The first work in Hassan Khan’s exhibition at MMK 3 was viewable from the outside. It comprised two heads cut from light filters and applied to the glass façade of the smallest of the three buildings that make up Frankfurt am Main’s Museum für Moderne Kunst. The heads face away from one another, pointing, in semi-profile: inward to the gallery, and outward towards the street. The work and show’s title, “Flow My Tears, the Policeman Said” (2015) – taken from the artist’s favourite Philip K. Dick novel – was written in vinyl and had also been applied twice to the window, facing inward and outward, directly above each head. Hassan Khan’s work has a tendency to implicate the viewer and here the passing pedestrian was granted the same privilege as the gallery-goer.
Inside “Flow My Tears…” a gripping sound work resonated across the show’s entire space. Live Ammunition! (2015) is a four-channel audio installation, a spell-binding rhythm of clapping, strings, and electronics that the Cairo-based artist described as ‘the beat of the show’. The next piece one encountered, LightShift (2015), was comprised of fluctuating coloured lights whose gentle pulse guided you up the dozen steps into MMK 3’s main hall. However the unfortunate placement of ticket inspectors at the top of the steps disrupted the careful, systematic logic of the exhibition.
MMK 3’s chapel-shaped gallery tends to give the works it houses an imperious quality, adding a near-tangible sense of theatricality to its exhibitions. Here the pronounced grandness of the work that filled the centre of the room mirrored its surroundings: a cluster of 13 glass sculptures, each raised from the ground on individual small wooden plinths, lit dramatically from above. The title, Abstract Music (2015), seemed deliberately off-kilter, shifting the material presence of the works into the realm of the cerebral. What do abstract music and glasswork have in common, other than the measured precision required to make both? The work then, became something else entirely, anchoring and defining the structural space of this show and challenging viewers to examine their own path through it.
A small projection shadowed this centrepiece. Studies for Structuralist Film no.2 (2013) is a 24-minute, black and white HD video in which a camera circles two people in an empty room. The video was rear-projected and a small alcove between the projector and screen allowed you to view the film from behind. It provided an arresting counterpoint: the degraded image quality viewed from the rear made it seem like you had stepped out of the exhibition and were watching a performance from the wings. Set off to the side of the room, the third work in the main space felt incongruous, creating an odd sense of balance to the display. The Double Face of Power (2015), a title that recalled the exhibition’s first work, is a three-panel wooden dressing screen. Each shows a different emblem comprised of white lines carved into a grey, green and red coloured background. Decorated only on the front side, the piece felt frustratingly incomplete, deliberately giving the viewer no reward for close examination.

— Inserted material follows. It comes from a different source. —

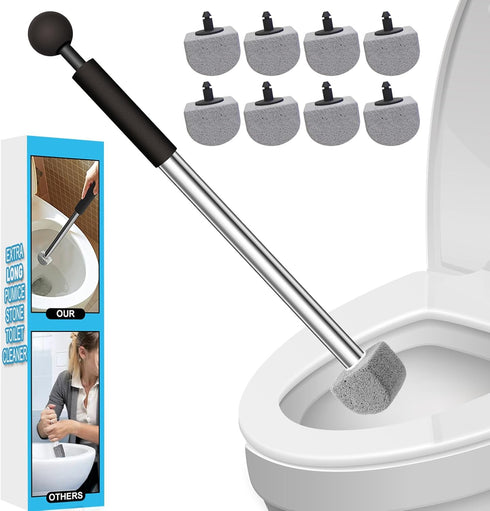 Pumice Stone Toilet Bowl Cleaner, Deep Cleaning Bathroom Brush with Long Handle, 1 Wand + 8 Pumice Stones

Accompanying the show was a text written by Khan that took the form of an imaginary exhibition tour. Outlining the background to the works it resisted definition beyond its originating context. As did this exhibition. Khan wasn’t seeking to create a language for ideas with these works, nor to systematize a process of thought. Instead, his hand gently conducted the passage of the viewer through the show, maintaining a uniform tempo throughout. That’s when this exhibition revealed its internal logic: as a performance in which you are inextricably involved.